Data excerpts:
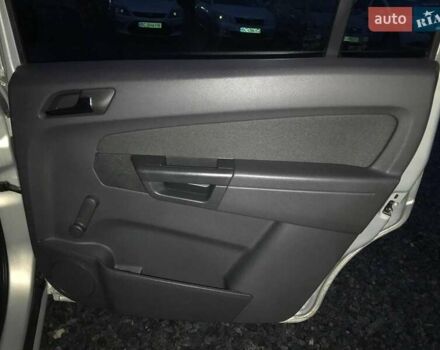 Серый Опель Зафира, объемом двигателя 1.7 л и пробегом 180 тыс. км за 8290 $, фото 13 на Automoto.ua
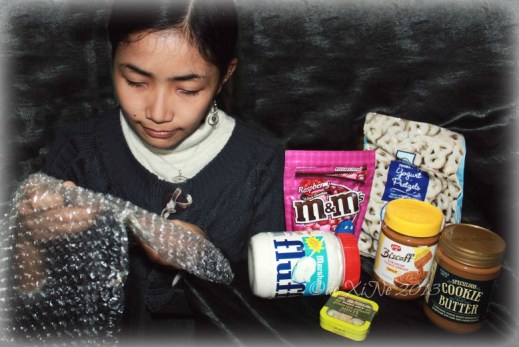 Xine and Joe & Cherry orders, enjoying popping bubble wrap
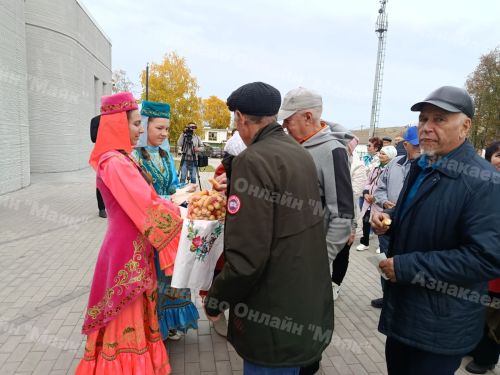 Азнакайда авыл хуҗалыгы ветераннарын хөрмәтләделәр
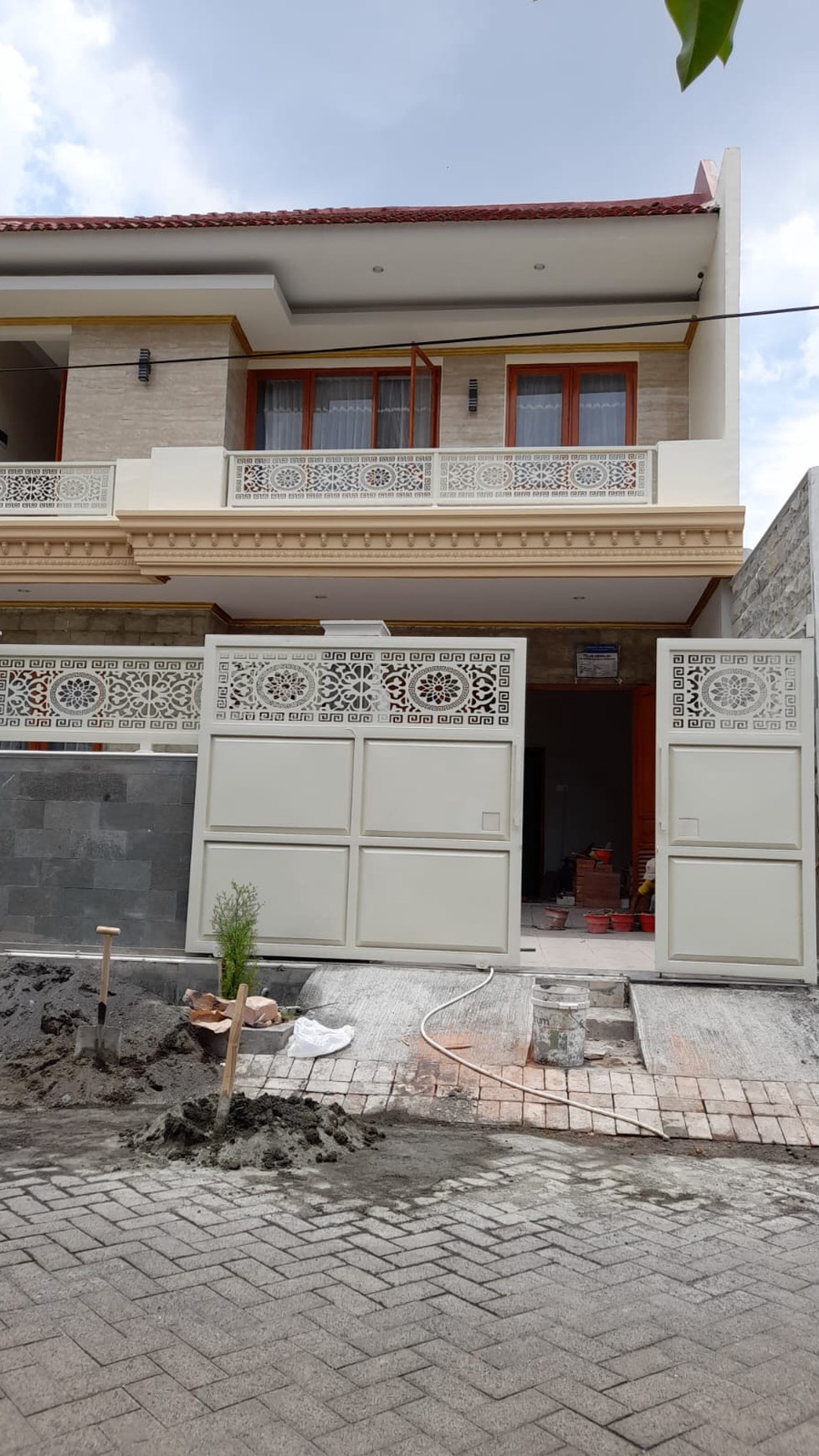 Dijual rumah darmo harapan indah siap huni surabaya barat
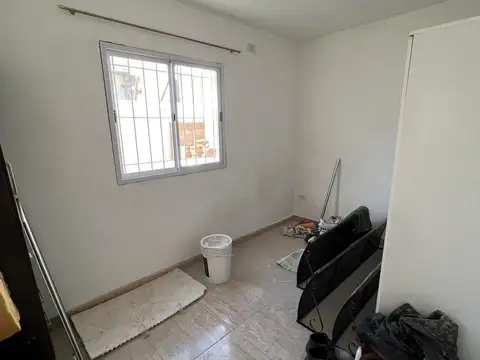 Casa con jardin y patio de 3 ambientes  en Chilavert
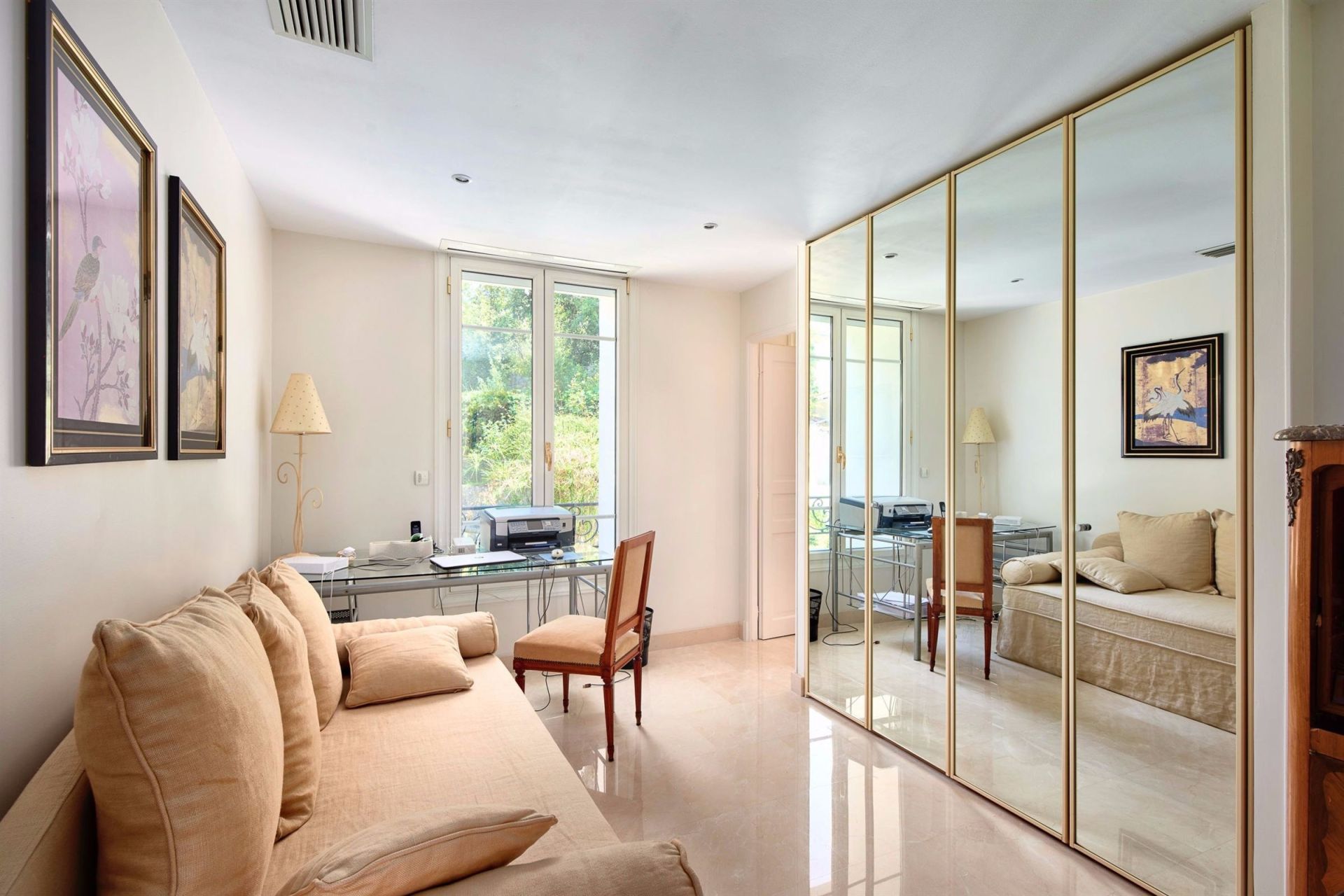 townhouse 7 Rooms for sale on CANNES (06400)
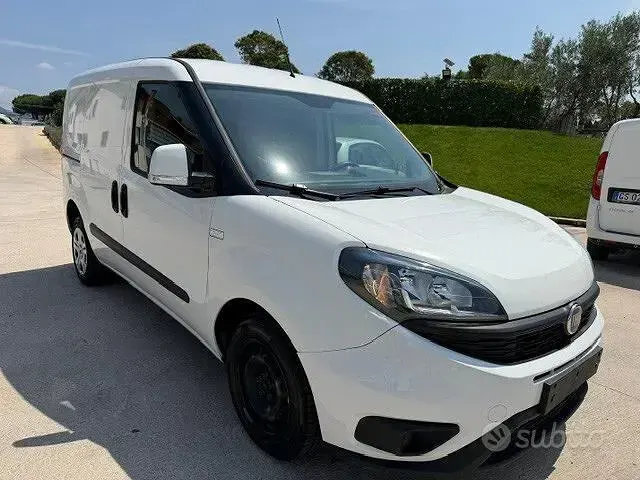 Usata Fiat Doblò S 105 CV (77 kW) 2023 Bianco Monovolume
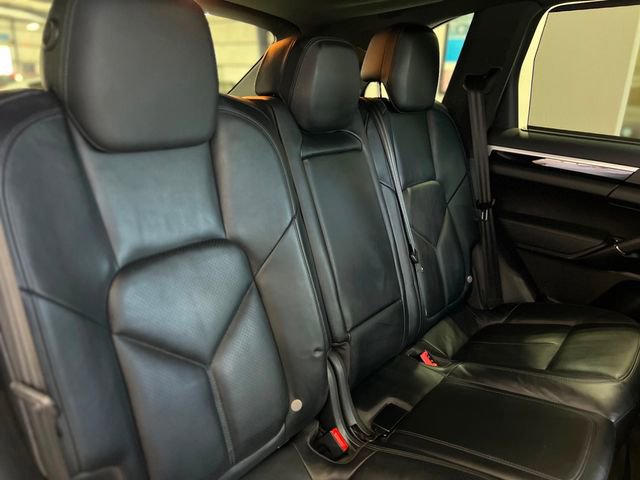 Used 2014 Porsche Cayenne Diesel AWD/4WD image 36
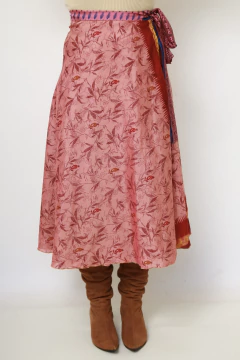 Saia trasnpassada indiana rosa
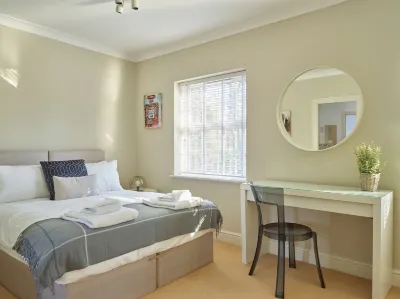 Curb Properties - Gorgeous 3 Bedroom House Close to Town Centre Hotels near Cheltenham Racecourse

Task description: I would like you to set down the lines above, from the one containing "Saia trasnpassada indiana rosa" to the final line, exactly as written and without pictures.

Reply:
 Saia trasnpassada indiana rosa
 Curb Properties - Gorgeous 3 Bedroom House Close to Town Centre Hotels near Cheltenham Racecourse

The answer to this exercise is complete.